MATLAB: Were the ProbeSetNumber and ProbePairNumber columns removed from structs returned by AFFYREAD in MATLAB 7.5 (R2007b)

affyreadBioinformatics Toolboxstructurestructures

In structs returned by the Bioinformatic Toolbox V3.0 function AFFYREAD in MATLAB 7.5 (R2007b), the columns named ProbeSetNumber and ProbePairNumber (of the ProbeSets field) were replaced by columns named GroupNumber and Direction. This change applies only when using AFFYREAD to read CDF files.
I want to extract these quantities from the new struct format.

Best Answer

The AFFYREAD structure has been changed for the Bioinformatics Toolbox V3.0 - which is the toolbox release in conjunction with MATLAB 7.5 (R2007b).
The new GroupNumber column gives the same information as the ProbeSetNumber subfield did, except that the GroupNumber indexing is 1-based while the ProbeSetNumber was 0-based (in accordance with Affymetrix standards).
ProbePairNumber, however, was removed due to the perceived redundancy in the information it provided; the probe pair numbers are simply the row indices of the matrices contained in the ProbeSets field of the returned struct (each row represents the readings of one probe pair).
While the ProbePairNumber column was removed, it is possible to compute the probe pair numbers from the ProbeSets matrices, and if desired, insert them back into the returned struct.
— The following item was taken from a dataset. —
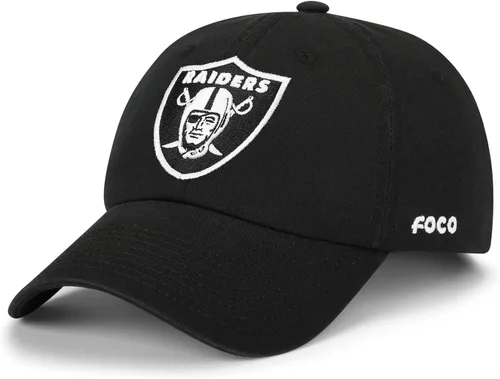 Vista 21 de FOCO NFL Gorras y Gorras Casuales para Hombres con Logotipo de Equipo de la NFL, Negro y Blanco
Shown below is code that would perform this:
for n = 1:length(affy_struct.ProbeSets)
% Extract current ProbePair matrix
CurPairs = affy_struct.ProbeSets(n).ProbePairs;
% Generate indices
CurPairNumbers = (1:length(CurPairs));
% Force column vector
CurPairNumbers = CurPairNumbers(:);
% ProbePairNumbers are inserted here
CurPairs = [CurPairs(:,1) CurPairNumbers CurPairs(:,2:end)];
% Reassign to ProbePairs
affy_struct.ProbeSets(n).ProbePairs = CurPairs;
end
where affy_struct is the struct obtained by reading a CDF file with AFFYREAD.
You may also then insert 'ProbePairNumber' as one of the names in affy_struct.ProbeSetColumnNames by executing the following code:
CurNames = affy_struct.ProbeSetColumnNames;
CurNames = {CurNames{1} 'ProbePairNumber' CurNames{2:end}};
affy_struct.ProbeSetColumnNames = CurNames;